- Education: University of Leeds (BSc) University of East Anglia (PhD)
- Scientific career
- Workplaces: Forestry Commission, Imperial College London, Harper Adams University
- Thesis: Aspects of the ecology of the bird cherry-cat aphid Rhopalosiphum padi L (1980)
- Doctoral advisor: Tony dixon (biologist)

= Simon Leather =

Entomologist

Simon R Leather Hon.FRES (13 March 1955 - 27 September 2021) was an entomologist in the UK, he was Professor of Entomology at Harper Adams University, Honorary Fellow of the Royal Entomological Society and an expert on aphids and applied entomology.

== Education and career ==
Leather had a childhood interest in insects and was educated at King George V School (Hong Kong) and Ripon Grammar School, he studied BSc Agricultural Zoology at the University of Leeds, graduating in 1977; and a PhD on the ecology of the bird cherry-oat aphid at the University of East Anglia, graduating in 1980. He was a Royal Society postdoctoral fellow in Finland, working on the bird cherry-oat aphid, he moved back to UEA and then worked at the Forestry Commission.

In the early 1990s he moved the Silwood Park campus of Imperial College London to be a lecturer, rising to Reader in Applied Ecology, in 2012 Leather moved to Harper Adams University to be Professor of Entomology.

== Academic activities ==
Leather did extensive research into integrated pest management of insect pests in agriculture, horticulture and forestry and he was a member of the UK government's Tree Health and Plant Biosecurity Taskforce.

His work on aphids includes the discovery in pea aphids of cannibalistic behaviour.

Leather has also carried out research in urban ecology, looking at the biodiversity value of roundabouts for over 10 years in Bracknell Forest.

He was an advocate of the need for specialist training in entomology and taxonomy and before his move to Harper Adams University was concerned that his then unique (in the UK) Masters courses in Entomology, Integrated Pest Management and Plant Pathology would cease on his eventual retirement. In 2009 he coined the phrase 'institutional vertebratism' to describe the bias of scientific research funding to vertebrate animals, rather than the more numerous invertebrates.

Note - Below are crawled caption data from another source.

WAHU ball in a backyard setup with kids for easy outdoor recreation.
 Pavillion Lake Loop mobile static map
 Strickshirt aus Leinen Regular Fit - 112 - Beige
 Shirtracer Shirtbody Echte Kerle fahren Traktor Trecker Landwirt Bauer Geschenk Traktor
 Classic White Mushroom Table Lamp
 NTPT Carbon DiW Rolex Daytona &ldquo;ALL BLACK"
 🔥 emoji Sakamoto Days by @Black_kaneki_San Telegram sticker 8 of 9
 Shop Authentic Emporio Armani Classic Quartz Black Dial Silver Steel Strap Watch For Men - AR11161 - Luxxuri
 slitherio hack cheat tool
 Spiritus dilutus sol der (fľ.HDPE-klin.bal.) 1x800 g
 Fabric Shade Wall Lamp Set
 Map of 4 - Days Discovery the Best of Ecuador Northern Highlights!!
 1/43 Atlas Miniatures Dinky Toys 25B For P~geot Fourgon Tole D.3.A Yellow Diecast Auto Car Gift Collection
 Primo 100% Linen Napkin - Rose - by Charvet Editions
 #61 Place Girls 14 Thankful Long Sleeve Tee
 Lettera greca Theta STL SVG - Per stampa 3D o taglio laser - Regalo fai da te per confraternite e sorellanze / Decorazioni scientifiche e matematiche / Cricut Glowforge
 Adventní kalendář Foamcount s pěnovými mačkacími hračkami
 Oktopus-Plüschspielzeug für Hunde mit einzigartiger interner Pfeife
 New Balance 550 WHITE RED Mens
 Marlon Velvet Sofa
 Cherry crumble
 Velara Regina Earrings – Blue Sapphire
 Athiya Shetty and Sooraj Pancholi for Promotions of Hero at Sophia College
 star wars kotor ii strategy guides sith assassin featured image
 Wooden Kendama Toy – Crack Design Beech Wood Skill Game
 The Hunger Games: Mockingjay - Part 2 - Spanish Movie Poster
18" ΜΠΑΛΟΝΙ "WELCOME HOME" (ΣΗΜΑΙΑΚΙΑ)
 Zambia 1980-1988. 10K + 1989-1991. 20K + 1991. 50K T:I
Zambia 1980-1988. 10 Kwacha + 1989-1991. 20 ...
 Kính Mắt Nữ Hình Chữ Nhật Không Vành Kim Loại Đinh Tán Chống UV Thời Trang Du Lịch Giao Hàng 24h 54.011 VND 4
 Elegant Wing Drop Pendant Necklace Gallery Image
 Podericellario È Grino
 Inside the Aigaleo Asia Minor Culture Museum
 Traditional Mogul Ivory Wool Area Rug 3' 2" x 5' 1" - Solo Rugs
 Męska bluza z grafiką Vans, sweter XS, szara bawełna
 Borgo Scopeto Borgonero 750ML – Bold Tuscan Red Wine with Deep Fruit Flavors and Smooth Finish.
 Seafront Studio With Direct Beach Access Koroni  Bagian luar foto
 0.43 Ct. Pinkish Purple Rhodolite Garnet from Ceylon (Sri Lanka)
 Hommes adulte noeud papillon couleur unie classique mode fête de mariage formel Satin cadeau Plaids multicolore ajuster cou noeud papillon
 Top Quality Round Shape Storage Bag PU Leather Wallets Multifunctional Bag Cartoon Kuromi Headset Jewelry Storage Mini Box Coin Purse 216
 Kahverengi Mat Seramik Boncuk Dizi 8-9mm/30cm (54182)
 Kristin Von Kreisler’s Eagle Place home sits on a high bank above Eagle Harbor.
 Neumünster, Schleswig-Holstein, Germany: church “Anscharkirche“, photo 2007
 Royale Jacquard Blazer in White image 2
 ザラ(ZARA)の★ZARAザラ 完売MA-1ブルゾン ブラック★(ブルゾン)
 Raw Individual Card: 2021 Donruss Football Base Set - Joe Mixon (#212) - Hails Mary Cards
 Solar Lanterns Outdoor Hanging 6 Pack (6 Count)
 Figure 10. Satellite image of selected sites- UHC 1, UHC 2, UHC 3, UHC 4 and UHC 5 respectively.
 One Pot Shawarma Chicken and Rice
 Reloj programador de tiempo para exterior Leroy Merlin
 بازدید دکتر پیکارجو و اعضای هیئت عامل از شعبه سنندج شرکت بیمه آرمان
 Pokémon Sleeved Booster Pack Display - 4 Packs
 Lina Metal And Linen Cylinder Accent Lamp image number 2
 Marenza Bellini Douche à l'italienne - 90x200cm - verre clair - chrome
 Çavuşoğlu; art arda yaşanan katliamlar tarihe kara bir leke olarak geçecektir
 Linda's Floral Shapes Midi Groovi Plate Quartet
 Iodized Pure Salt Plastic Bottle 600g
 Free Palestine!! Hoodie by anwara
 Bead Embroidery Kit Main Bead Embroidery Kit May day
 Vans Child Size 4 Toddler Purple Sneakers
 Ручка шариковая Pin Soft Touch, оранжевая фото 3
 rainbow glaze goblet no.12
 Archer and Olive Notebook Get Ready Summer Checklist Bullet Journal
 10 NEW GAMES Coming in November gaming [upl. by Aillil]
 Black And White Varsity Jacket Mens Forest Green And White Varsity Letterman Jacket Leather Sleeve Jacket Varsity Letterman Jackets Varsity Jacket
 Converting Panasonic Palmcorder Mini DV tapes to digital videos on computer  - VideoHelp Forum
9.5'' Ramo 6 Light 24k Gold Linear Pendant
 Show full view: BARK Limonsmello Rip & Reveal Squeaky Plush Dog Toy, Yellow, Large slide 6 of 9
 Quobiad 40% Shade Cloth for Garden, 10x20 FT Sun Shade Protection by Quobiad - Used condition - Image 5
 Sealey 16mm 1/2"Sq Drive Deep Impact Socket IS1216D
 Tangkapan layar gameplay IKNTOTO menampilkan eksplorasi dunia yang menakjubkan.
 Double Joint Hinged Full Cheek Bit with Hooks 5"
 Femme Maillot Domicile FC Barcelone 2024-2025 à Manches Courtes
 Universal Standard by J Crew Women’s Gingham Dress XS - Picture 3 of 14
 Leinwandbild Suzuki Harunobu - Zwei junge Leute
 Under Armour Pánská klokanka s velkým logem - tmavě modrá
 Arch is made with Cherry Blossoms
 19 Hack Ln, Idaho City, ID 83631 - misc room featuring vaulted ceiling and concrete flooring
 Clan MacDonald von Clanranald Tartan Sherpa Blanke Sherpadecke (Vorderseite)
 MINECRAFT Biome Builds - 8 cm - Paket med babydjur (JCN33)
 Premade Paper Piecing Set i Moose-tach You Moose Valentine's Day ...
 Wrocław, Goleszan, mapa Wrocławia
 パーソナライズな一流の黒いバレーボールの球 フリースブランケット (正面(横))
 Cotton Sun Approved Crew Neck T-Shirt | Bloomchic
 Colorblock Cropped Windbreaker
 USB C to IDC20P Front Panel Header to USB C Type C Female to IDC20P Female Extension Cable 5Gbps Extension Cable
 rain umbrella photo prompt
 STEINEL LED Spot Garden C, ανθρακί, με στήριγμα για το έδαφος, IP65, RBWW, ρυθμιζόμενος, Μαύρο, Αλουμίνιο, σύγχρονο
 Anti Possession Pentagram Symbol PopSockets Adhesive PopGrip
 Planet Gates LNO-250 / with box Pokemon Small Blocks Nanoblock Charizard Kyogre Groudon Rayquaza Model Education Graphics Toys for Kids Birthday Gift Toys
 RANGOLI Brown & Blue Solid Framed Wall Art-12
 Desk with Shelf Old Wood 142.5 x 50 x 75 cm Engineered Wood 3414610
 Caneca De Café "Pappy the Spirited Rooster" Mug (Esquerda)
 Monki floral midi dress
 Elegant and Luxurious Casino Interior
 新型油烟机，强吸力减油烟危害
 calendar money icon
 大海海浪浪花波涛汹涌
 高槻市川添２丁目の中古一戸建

In late 2012 Leather joined Twitter with the account handle @entoprof and in 2013 he started a personal blog Don't forget the roundabouts. He talked and wrote about new platforms for non-academic science communication that are available online.

== Books ==

- Ecology of Insect Overwintering, with Keith Walters and Jeff Bale, published by Cambridge University Press in 1993.
- Insect Reproduction, with Jim Hardie, published by CRC Press in 1995.
- Insects on cherry trees with Keith Bland, number 27 in the Naturalists' Handbooks series in 1999, now published by Pelagic Publishing.
- Edited Insect Sampling in Forest Ecosystems published by Wiley in 2005.
- Insects: A Very Short Introduction published by Oxford University Press in 2022, part of the Very Short Introductions series.

== Honours and awards ==

- Made Honorary Fellow of the Royal Entomological Society in 2015.
- Was a past president of the Amateur Entomologists Society.
- Founding editor of the journal Insect Conservation & Diversity, with Yves Basset and Raphael Didham
- Editor in Chief of the Association of Applied Biologist's journal Annals of Applied Biology.